There’s a lot of mystique surrounding Maui’s famous road to Hana. The secret spots, the risks and rules that everyone seems to break, and how much time you really need. I came across a lot of misleading and confusing blog posts and ‘essential guides’ in my research. Some say it’s all about the road, and recommend driving it in a single day. While others will tell you to spend at least a few nights in Hana. So which is it, the road or the destination?
Driving the Hana Highway
First of all, let’s demystify the road itself. The road to Hana refers to the Hana Highway, which starts in Kahului near the airport. It traces the coastline east, past the town of Paia and Hookipa beach, making its way south passing the Twin Falls, Wailua and Wai’anapanapa State Park before reaching Hana Town.
Many visitors turn back at Hana, but this is not where the road (or the adventure) ends. In fact, the Hana Highway continues all the way down to the south around the Haleakala National Park ending at Kalepa Point (see map).
Driving straight to Hana from the airport takes just over 2 hours and just under 3 hours to the Haleakala national park. There are no gas stations after Paia, so make sure to full up your tank before heading out.
That’s roughly 50 miles, 617 hairpin curves and 56 one-lane bridges. In case you don’t know what a hairpin curve is, it’s a very sharp, 180-degree turn, and there are a lot of them. The road is also very narrow and potentially dangerous due to limited visibility around those sharp corners.
It requires an experienced driver, as well as strong stomached passengers to withstand the nausea-inducing road. You have to watch out both for locals who know the road by heart and come flying around these bends, as well as tourists that didn’t read up on the driving tips and road etiquettebeforehand. If this sounds like too much, there are plenty of tours and drivers for hire.
For anyone that’s prone to motion sickness go easy on those Blue Hawaiians the night before.
There are 27 official ’mile-markers’ along the way, designating sights and places of interest to stop and pull over to see. Most guidebooks refer to these, but I found them rather unhelpful as they are really hard to see.
If you plan on hitting up all of them, or even half of them, think again. It’s not possible, nor would you want to.

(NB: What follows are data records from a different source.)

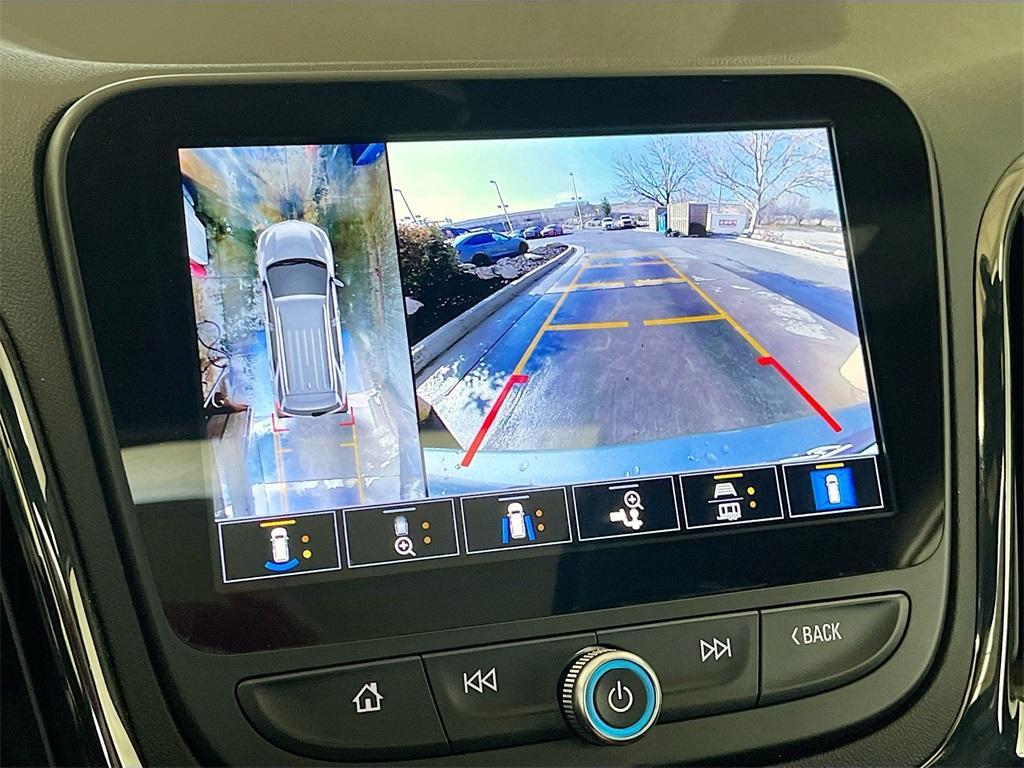 used 2024 Chevrolet Equinox car, priced at $24,000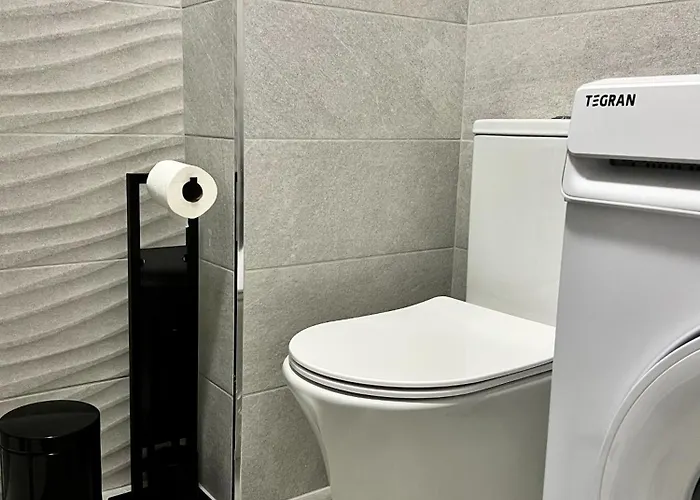 Paraiso Iriarte Apartmán *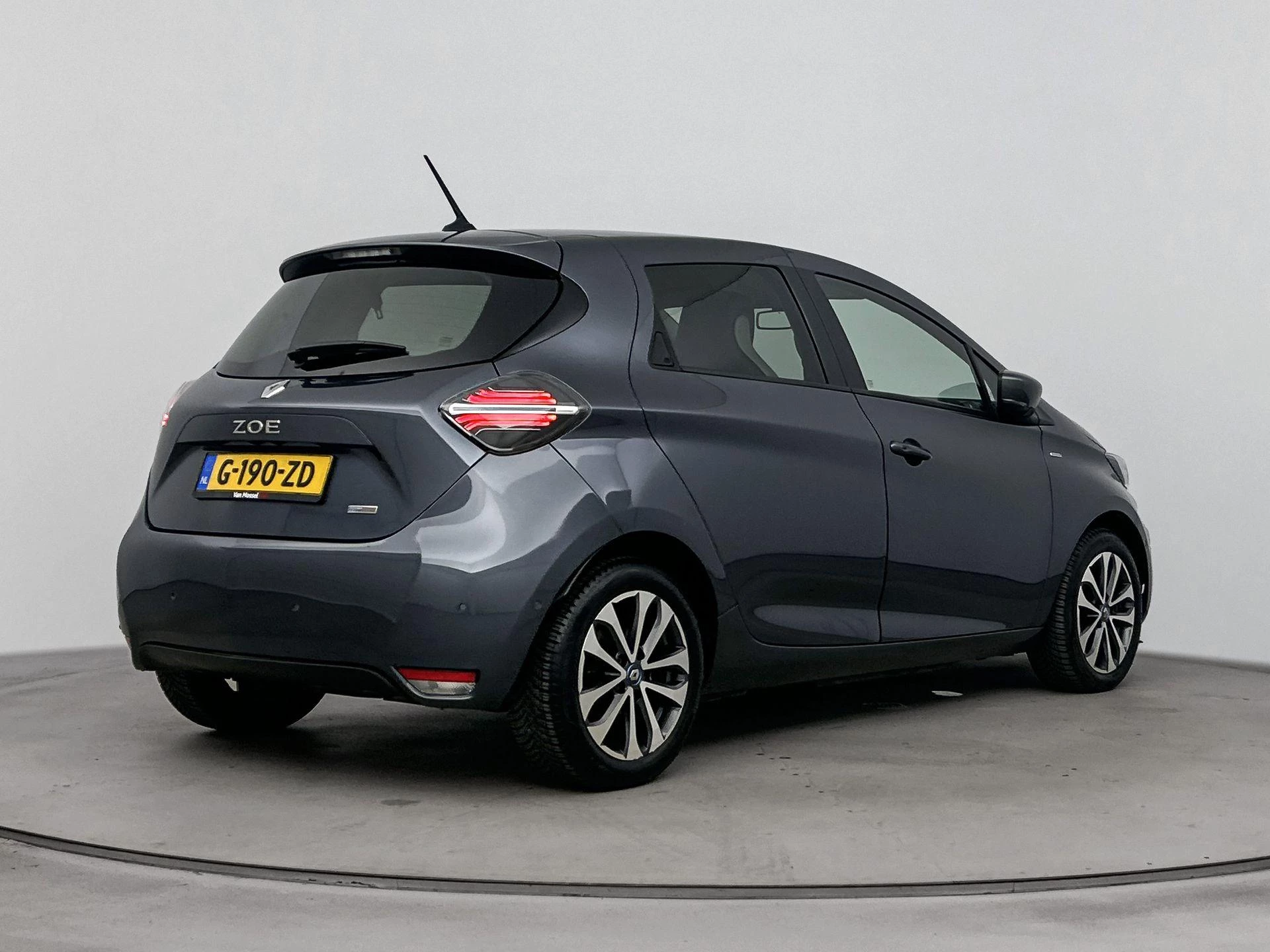 Renault ZOE R135 Edition One 52 kWh 136PK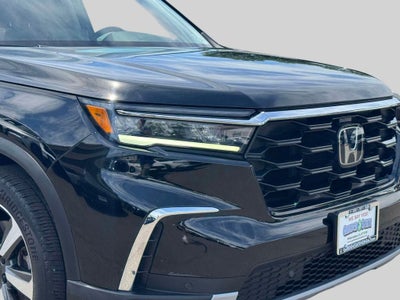 2023 Honda Pilot Touring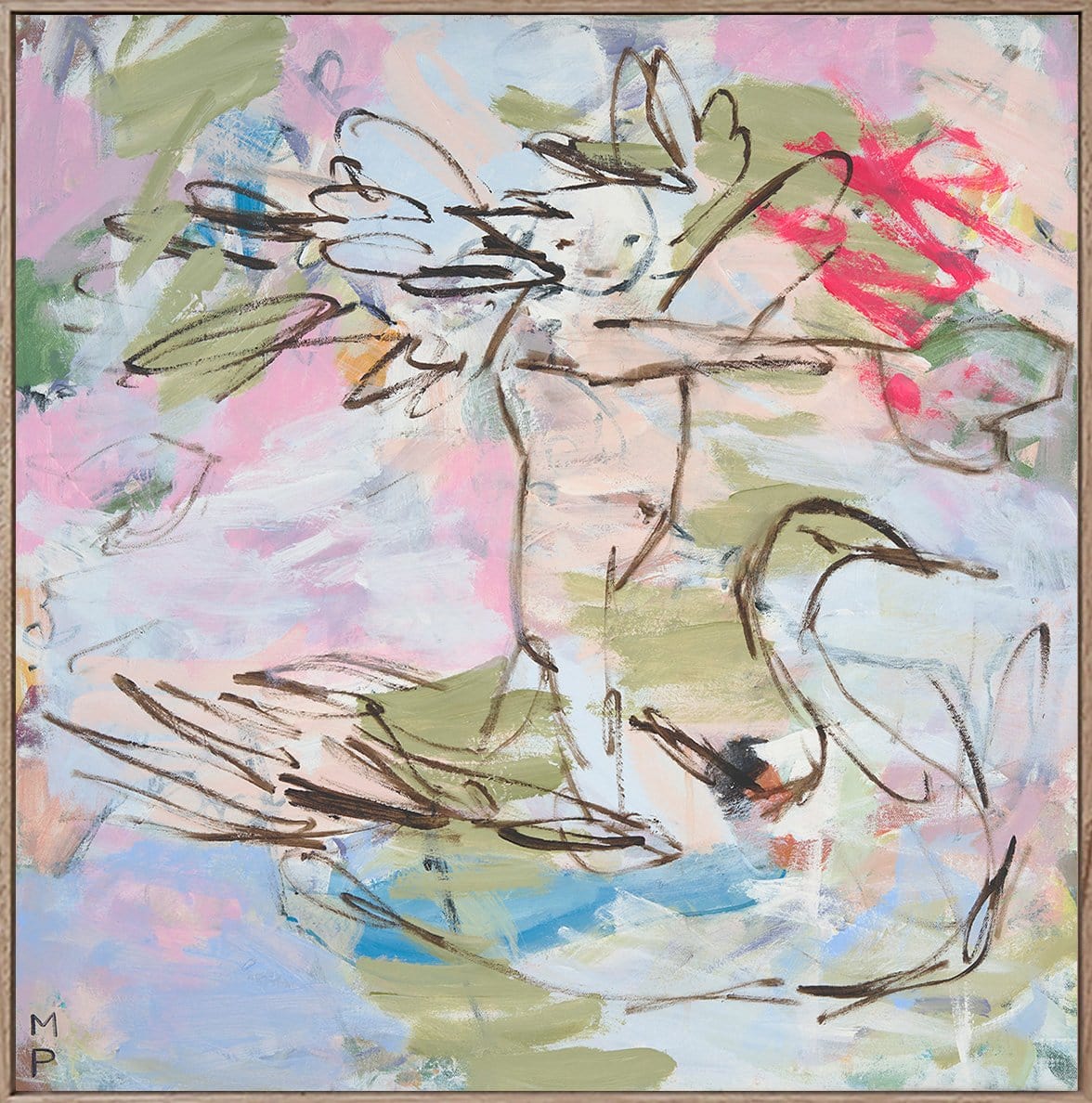 Putto - Limited Edition Print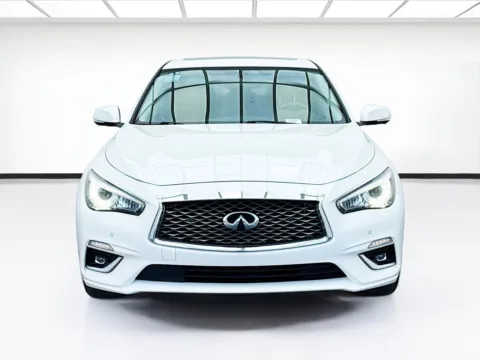 Photos of 2022 INFINITI Q50 LUXE for sale in Bellflower, CA at STG Bellflower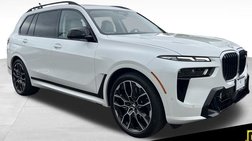 2025 BMW X7 M60i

To give you an idea, we only got through 6 in three days. 27 is a generous number. Among this list is a general store, a coffee house and a church, for example. That narrows the top sights down significantly. Of the 27, I was interested in about 10. So doing 6 was pretty good.
There are also the unofficial ‘secret spots’ such as secluded beaches, waterfalls and vistas. If you’re lucky, you might have them all to yourself as tourists prioritise the most popular spots.
Too many road to Hana guides talk about driving there and back in one day. It would have been a real shame to go all the way there and have to return. I recommend at least 3 days to experience this Hawaii highlight.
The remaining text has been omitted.